The last of the first round of interviews is with Natalie, my dear friend who was a teaching assistant with me in grad school. Natalie now teaches English literature at a local high school and is a lifelong Anglophile who single-handedly got me interested in Queen Victoria and Prince Albert, and who shares my obsession with WWI. She has an uncanny ability to find name-brand valuables at thrift shops and antique stores, and she occasionally sends me timely Buzzfeed articles, especially when they are about first dates gone terribly wrong.
1. What were you like as a teenager? I was really worried about doing the wrong thing all the time. I had fun with my friends, I was interested in dating, and I had some boyfriends. But mostly I was concerned about the future and what I was going to make of my life more than actually enjoying myself in high school. I don’t think I really had a great time in high school because I was more focused on the future.
2. What have you always wanted? I think I have always wanted love and freedom to do what I want. Those two things drive me. If I feel trapped in a job, or a situation, or a relationship, or anything like that, then I seek ways to try to get away from it. I just want to be able to live my life to experience new places and new things. I think that’s why I like to travel so much, and why I like to learn all the time. And I can’t imagine living without someone that I love. That’s a big part of my life too.

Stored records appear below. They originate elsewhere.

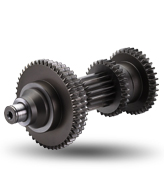 Change gear Change gear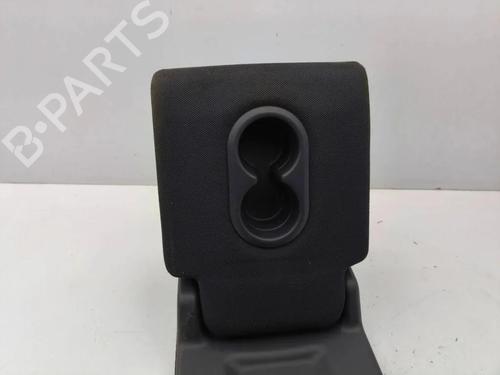 Armrest / Center console HONDA CR-V III (RE_) 2.2 i-CTDi 4WD (RE6) | BP36332031I20 - Image 3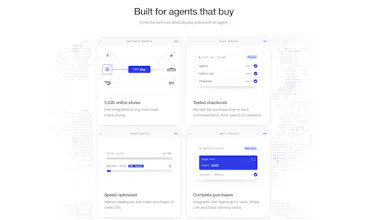 opencommerce gallery image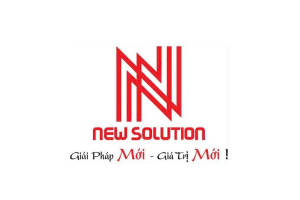 36. NEW SOLUTIONS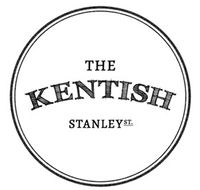 The Kentish Hotel - C Tourism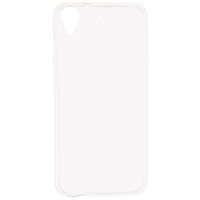 Husa HTC 626 Tpu Transparent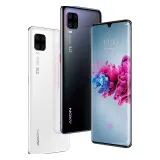 ZTE Axon 11 4G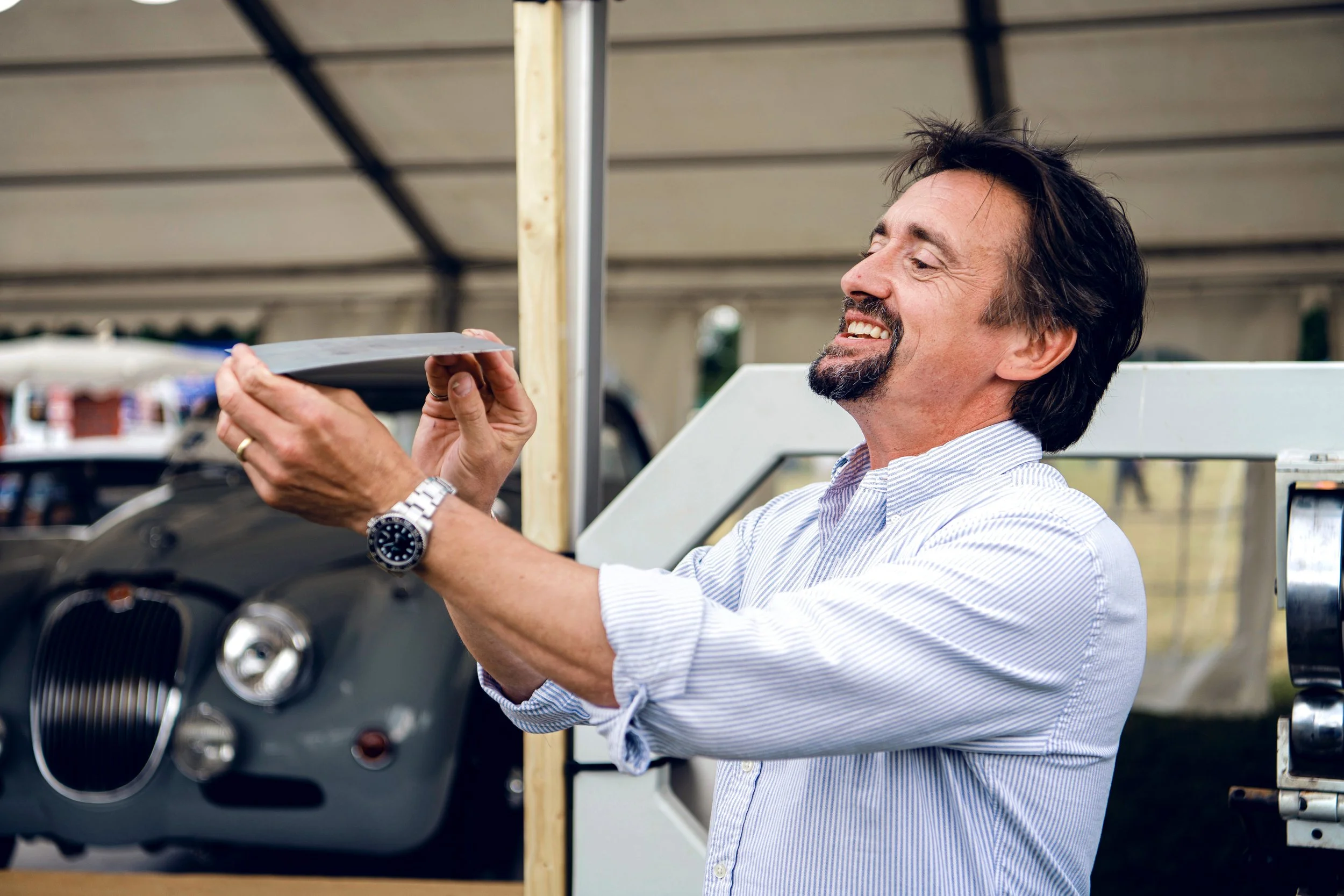 6C74FA02-44A5-4A2C-B45B-9570800A5986 copy.jpg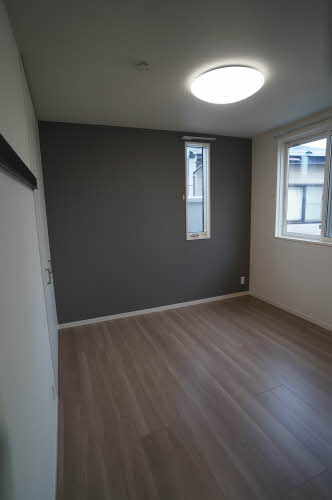 アリスティオ　モトマチ 101号-6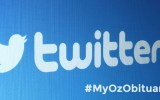 #MyOzObituary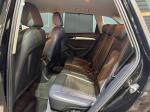 audi-q5-2015-diesel-1968cc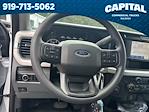 New 2025 Ford F-550 Crew Cab Reading SLU132-DW 11' Service Truck for sale #CB2F7330 - photo 25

3. When were you most proud of yourself? I think two things: one is when I finished my master’s degree, because I thought I wasn’t going to be able to do it; it was so horrible and took forever. I finally finished it, and I felt a sense of relief and also a sense of pride. The other thing is more personal: it’s being able to make it through difficult emotional situations and know that I can survive those things without dying. And then feeling stronger afterwards: like I know more about how to be a human being and what it means to be an adult. I feel proud of myself that I was able to do those things without being broken.
4. What advice would you give to your ten-years-younger self? I would tell myself to be more open-minded, and that it’s okay to not have everything figured out in life, because the older you get, the less you feel like you know in some respects, and that it’s okay to feel that way. That you don’t have to have everything taken care of in order to be a responsible person. I would probably tell myself to go and spend time developing who I am as an individual before attaching myself to another person. And I would probably say that I should study abroad or live somewhere else for a while.

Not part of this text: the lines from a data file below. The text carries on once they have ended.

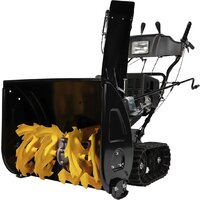 Снегоуборщик Champion STT761E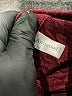Assorted Brands Burgundy Pullover Sweater Size S - photo 7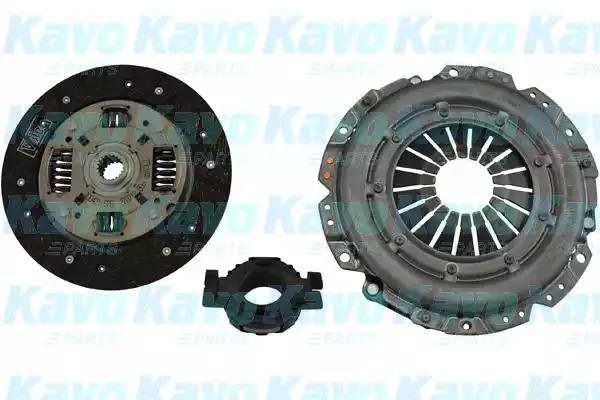 Комплект зчеплення CP9029 AMC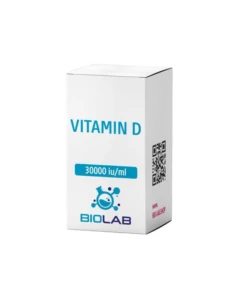 vitamina d3 30000 ui 2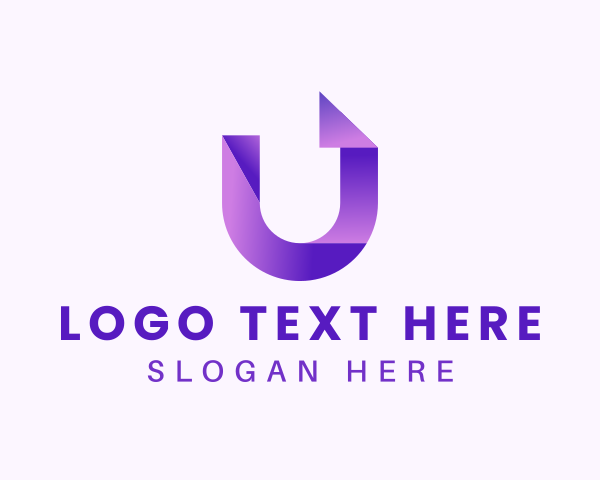 Business logo example 1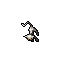 noimg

5. What is your personal motto? If I boil it down, I would say that life is difficult sometimes, and you just have to do the best you can to live a fulfilling life and to be kind to people. That’s it. That’s the only thing, I think, that’s important. We need more people to be kind in the world. My general goal in life is just to learn as much as I can. That’s why I like to travel and why I like to teach, and why I read: because I like to learn about things like history and people. I’m interested in human relationships.
6. Who do you aspire to be like, and why? I aspire to be the type of person who explores opportunities, has a happy life, and tries new things. I admire people who do that with their lives. People who take risks, challenge themselves, and don’t get stuck doing the same thing their entire lives if they’re not happy doing it. I don’t want to be that type of person. The only person I can think of is Elizabeth Gilbert–I don’t even really like her that much as an individual, but I like her writing–there’s a new book she wrote about creativity. She talks about being creative and living a creative life and taking risks. That’s the type of person I aspire to be.
7. What is the nicest thing anyone has ever said to you? Whenever my students tell me that they can tell that I care about them, and that they like being in my class because they feel safe there to explore learning. That’s nice, because I really do work hard to foster that type of environment. And that’s something that I take pride in. And I usually have a couple of students every year that tell me that my class made a difference to them in their life. And I like that. I think that’s a reflection of me and what I do in the classroom.
8. What would you do if you knew you could not fail? I would quit my job immediately and start travel writing: travel around and write a book. Or I would like to write for a publication of some sort, where I’m going and eating food and seeing new places. My dream job would be to work for Rick Steves and help him write his guidebooks. He has people that do that! He has certain people he works with that are experts in certain parts of the world. They go around with him and write the different recommendations for the books that he has. That’s what I would want to do. Wouldn’t it be nice to not have to worry about your finances? Because that is the main stumbling block when it comes to trying to live your dreams: the practicality of life. The eating, and having a place to live, and having stability. And if that wasn’t a concern, and I knew that I wouldn’t fail in that respect, I would do whatever the heck I want and it would be amazing.
9. What would you like to be remembered for? The people that I love, that really know me, I would like them to remember me for being wise about things, and for being loyal. And that I made a difference. It’s different with people that I love, my family and friends, and with my students. But I would like my students to remember me for being someone who’s interested in learning and who helps them to be interested in learning. But for family and friends I would like to be remembered for being loyal and loving.